7.) I also object to how the U.S. State Department and the administration of U.S. President Barack Obama handled this case. The case is so thin as to be transparent. Instead of demanding Zhou's immediate release, the State Department made a mild bleating noise. They may have muttered something about how they hope Chinese authorities will handle this case fairly in accord with due process of law and international human rights norms -- but, the spokesman might as well have said "Baaa" or "Moo." Hillary Clinton herself, and Barack Obama likewise, said even less than that. We have at hand a case that shows the ineffectiveness of the U.S. State Department in defending human rights, and that displays how the U.S. executive branch is little more than a shoe shine boy for the Chinese regime.

8.) I object to how U.S. newscasts have shown no interest in this case, which is in fact Tiananmen Square persecution carried forward into the present day.

Under the Criminal Procedure Law of China, Zhou should have been given a trial by August 27, 2009. There is no word of any such proceeding having occurred in recent days; hence, the regime in China is once again violating its own laws in the handling of this case.

This case displays flagrant and egregious abuse by the Chinese government of Zhou's human rights. It falls into a pattern of crimes against humanity by the Chinese government. Not only political prisoners, but religious prisoners and other prisoners of conscience are swept up by the Chinese government.

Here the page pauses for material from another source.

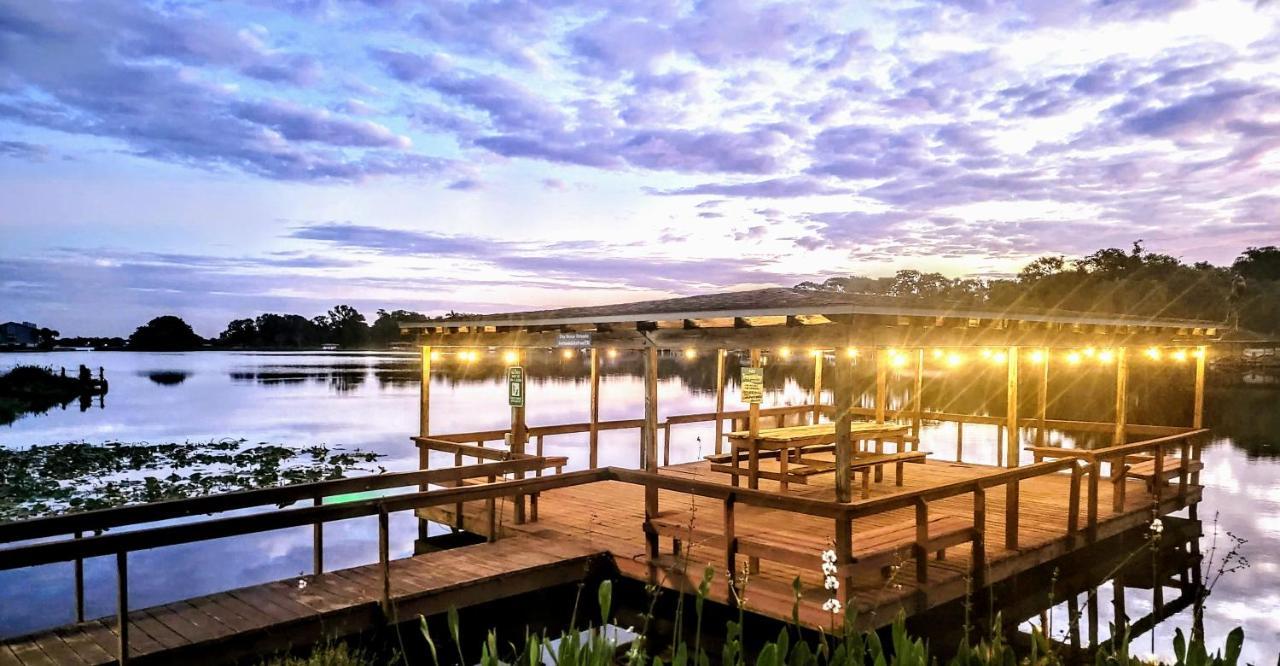 Orlando Lakefront Tiny Homes 6 Plus Month Rentals Орландо Екстериор снимка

And clearly, the pushing and shoving in the matter of 1989's student uprising and June 4 massacre continues.

The China Support Network demands the immediate release of Zhou Yongjun. We also insist that it is time for the Chinese government to say "uncle" to the pro-democracy movement, and to implement the reform suggestions that have appeared in Charter 08 (a tract published in 2008, attributed to Liu Xiaobo, another detainee whose release we also demand) and the writings of Xu Wenli (co-founder of the Chinese Democratic Party) and other top Chinese dissidents. Xu Wenli called for a "Future of China" conference to be held this fall in Beijing; the China Support Network echoes that call and encourages the Chinese leadership to enable and implement that conference. To enable the conference, dissidents abroad must be permitted to go home from exile. We also urge that step to be undertaken.